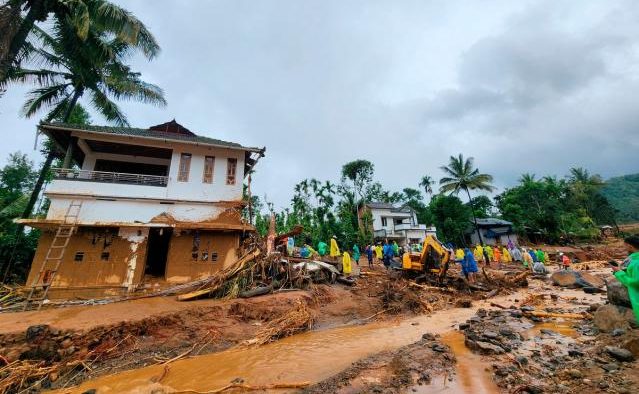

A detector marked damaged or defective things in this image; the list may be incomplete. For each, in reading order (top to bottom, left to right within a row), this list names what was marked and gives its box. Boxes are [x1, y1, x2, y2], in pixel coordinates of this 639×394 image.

broken wall [166, 229, 241, 284]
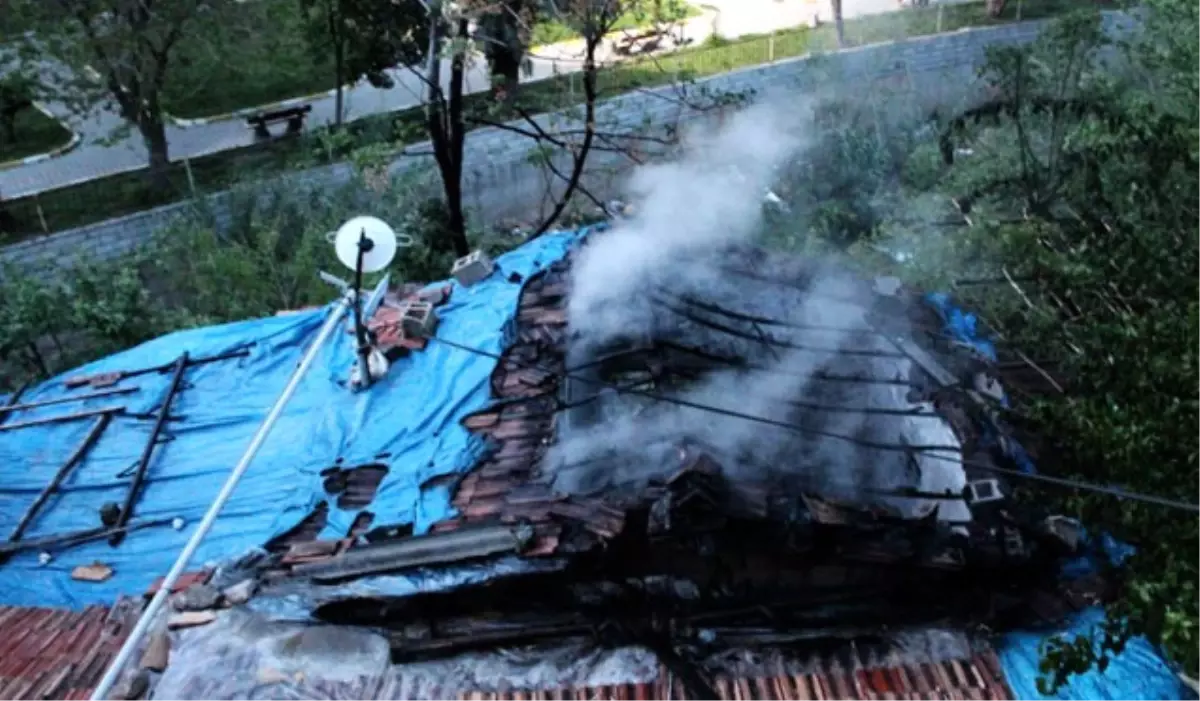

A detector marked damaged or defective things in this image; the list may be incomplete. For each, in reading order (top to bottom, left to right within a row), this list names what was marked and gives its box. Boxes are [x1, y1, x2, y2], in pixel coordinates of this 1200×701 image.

charred debris [238, 241, 1094, 672]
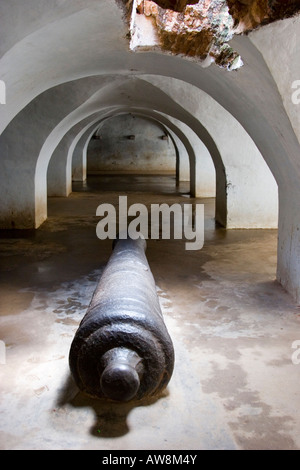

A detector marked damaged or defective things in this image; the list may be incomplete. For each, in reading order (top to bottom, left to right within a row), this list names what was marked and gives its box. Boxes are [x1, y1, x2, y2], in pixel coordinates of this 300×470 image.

damaged ceiling hole [127, 0, 300, 71]
rusted metal cannon [69, 237, 175, 402]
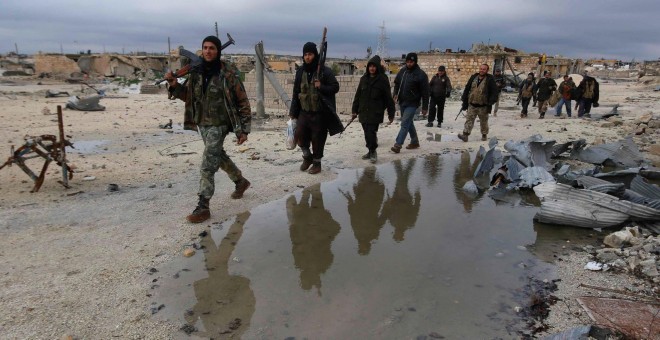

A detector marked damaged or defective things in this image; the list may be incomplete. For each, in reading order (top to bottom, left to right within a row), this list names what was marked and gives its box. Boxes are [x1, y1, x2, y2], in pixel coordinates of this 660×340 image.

rusted metal scrap [0, 105, 75, 191]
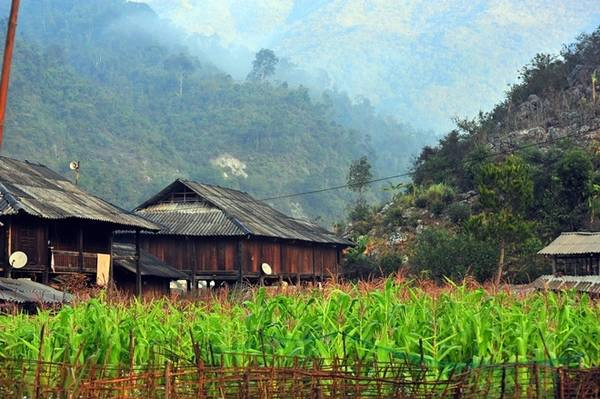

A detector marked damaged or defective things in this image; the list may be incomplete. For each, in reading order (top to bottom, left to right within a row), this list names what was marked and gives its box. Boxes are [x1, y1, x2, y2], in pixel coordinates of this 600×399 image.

rusty metal roof [0, 156, 158, 231]
rusty metal roof [136, 180, 352, 245]
rusty metal roof [112, 242, 188, 280]
rusty metal roof [540, 233, 600, 258]
rusty metal roof [0, 280, 72, 304]
rusty metal roof [536, 276, 600, 296]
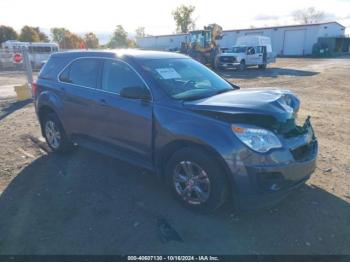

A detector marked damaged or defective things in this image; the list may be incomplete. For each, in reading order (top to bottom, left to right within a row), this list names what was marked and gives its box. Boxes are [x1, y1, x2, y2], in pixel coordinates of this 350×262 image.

crumpled hood [183, 88, 300, 123]
broken headlight [231, 124, 284, 152]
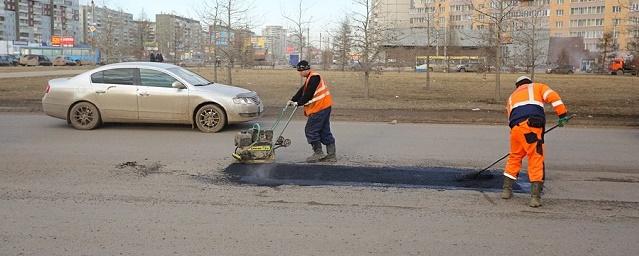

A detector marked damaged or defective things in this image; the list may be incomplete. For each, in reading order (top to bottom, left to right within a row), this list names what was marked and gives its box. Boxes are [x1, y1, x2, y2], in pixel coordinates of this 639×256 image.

fresh asphalt patch [220, 163, 528, 193]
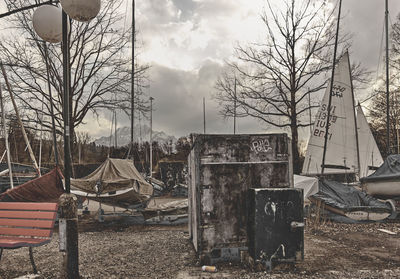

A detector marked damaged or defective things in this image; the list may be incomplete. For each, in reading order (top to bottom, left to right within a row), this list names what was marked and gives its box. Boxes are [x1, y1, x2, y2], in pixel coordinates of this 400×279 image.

rusty metal panel [188, 133, 294, 262]
rusty metal container [188, 135, 294, 264]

▬▬▬

Exercise brief: Before handing back the copy, remove the pictures; otherwise print the data exactly.

Answer to this task:
A detector marked damaged or defective things in this image; the list may be incomplete. For each, in reading order (top to bottom, left to right within a row), this list names what was marked and gives its box. Boxes are [x1, y1, x2, y2], in pixel coordinates of this 639×394 image.

broken wall [166, 229, 241, 284]

A detector marked damaged or defective things in this image; the list may be incomplete. For each, in reading order (top to bottom, left to right within a row), this list names what was marked and gives its box. Boxes are [x1, y1, x2, y2], in pixel coordinates of this 1200×701 image.

charred debris [238, 241, 1094, 672]

A detector marked damaged or defective things in this image; the list may be incomplete. For each, in reading order (top to bottom, left to right within a row), this list names what was marked and gives its box. Boxes are [x1, y1, x2, y2], in pixel coordinates of this 300×470 image.

damaged ceiling hole [127, 0, 300, 71]
rusted metal cannon [69, 237, 175, 402]

A detector marked damaged or defective things in this image; the list may be incomplete. For each, in reading order (top to bottom, left to right within a row), this list names what was marked and gives its box. Boxes are [x1, y1, x2, y2], in pixel coordinates of this 660×340 image.

rusted metal scrap [0, 105, 75, 191]

A detector marked damaged or defective things in this image; the list may be incomplete. For each, in reading order (top to bottom, left to right within a row), this list names what was marked and gives its box. Boxes are [x1, y1, x2, y2], in pixel coordinates of this 600×399 image.

rusty metal roof [0, 156, 158, 231]
rusty metal roof [136, 180, 352, 245]
rusty metal roof [112, 242, 188, 280]
rusty metal roof [540, 233, 600, 258]
rusty metal roof [0, 280, 72, 304]
rusty metal roof [536, 276, 600, 296]

A detector marked damaged or defective things in this image; the list may be incomplete. For each, in reading order (top to bottom, left to right within a row), this list names what was marked and gives its box. Boxes are [x1, y1, x2, y2], in pixel coordinates of this 350×262 image.

crumpled hood [183, 88, 300, 123]
broken headlight [231, 124, 284, 152]

A detector marked damaged or defective things in this image; the list may be incomplete. For each, in reading order (top to bottom, left to right within a row), this list names what was marked and gives its box. Boxes are [x1, y1, x2, y2], in pixel coordinates of this 639×256 image.

fresh asphalt patch [220, 163, 528, 193]

A detector marked damaged or defective things in this image; the list may be incomplete. For each, in reading order (top to bottom, left to right within a row), this list names what was marked and gives its box. Boxes are [x1, y1, x2, y2], in pixel coordinates of this 400×279 image.

rusty metal panel [188, 133, 294, 262]
rusty metal container [188, 135, 294, 264]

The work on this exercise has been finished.